A masterful novel that confronts the dilemmas of race, family, and forbidden love in the wake of America's Civil War

Fifteen years after the publication of his acclaimed novel Mason's Retreat, Christopher Tilghman returns to the Mason family and the Chesapeake Bay in The Right-Hand Shore.

It is 1920, and Edward Mason is making a call upon Miss Mary Bayly, the current owner of the legendary Mason family estate, the Retreat. Miss Mary is dying. She plans to give the Retreat to the closest direct descendant of the original immigrant owner that she can find. Edward believes he can charm the old lady, secure the estate and be back in Baltimore by lunchtime.

Instead, over the course of a long day, he hears the stories that will forever bind him and his family to the land. He hears of Miss Mary's grandfather brutally selling all his slaves in 1857 in order to avoid the reprisals he believes will come with Emancipation. He hears of the doomed efforts by Wyatt Bayly, Miss Mary's father, to turn the Retreat into a vast peach orchard, and of Miss Mary and her brother growing up in a fractured and warring household. He learns of Abel Terrell, son of free blacks who becomes head orchardist, and whose family becomes intimately connected to the Baylys and to the Mason legacy.
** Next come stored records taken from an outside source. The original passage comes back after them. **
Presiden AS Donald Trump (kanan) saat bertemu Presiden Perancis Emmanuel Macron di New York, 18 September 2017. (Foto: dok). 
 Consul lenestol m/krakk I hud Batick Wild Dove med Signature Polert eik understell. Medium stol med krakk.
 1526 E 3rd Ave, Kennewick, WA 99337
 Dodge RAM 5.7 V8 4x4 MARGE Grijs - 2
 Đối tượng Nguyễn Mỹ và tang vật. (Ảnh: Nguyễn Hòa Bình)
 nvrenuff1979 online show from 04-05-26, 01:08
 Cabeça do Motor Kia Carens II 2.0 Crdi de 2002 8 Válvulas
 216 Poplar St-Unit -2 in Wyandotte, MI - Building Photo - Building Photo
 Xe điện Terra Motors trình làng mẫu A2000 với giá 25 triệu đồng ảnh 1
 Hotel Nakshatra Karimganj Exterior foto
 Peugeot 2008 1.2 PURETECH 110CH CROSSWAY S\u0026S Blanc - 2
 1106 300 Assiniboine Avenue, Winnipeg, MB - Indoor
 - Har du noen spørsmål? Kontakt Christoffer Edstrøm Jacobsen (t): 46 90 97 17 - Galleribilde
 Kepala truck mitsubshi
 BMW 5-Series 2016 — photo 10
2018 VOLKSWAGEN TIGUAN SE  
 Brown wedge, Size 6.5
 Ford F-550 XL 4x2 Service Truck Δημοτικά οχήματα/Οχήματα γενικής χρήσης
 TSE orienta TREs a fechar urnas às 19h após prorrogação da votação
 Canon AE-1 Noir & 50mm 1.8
The drama in this richly textured novel proceeds through vivid set pieces: on rural nineteenth-century industry; on a boyhood on the Eastern Shore of Maryland; on the unbreakable divisions of race and class; and, finally, on two families attempting to save a son and a daughter from the dangers of their own innocent love. The result is a radiant work of deep insight and peerless imagination about the central dilemma of American history.

The Right-Hand Shore is a New York Times Notable Book of 2012.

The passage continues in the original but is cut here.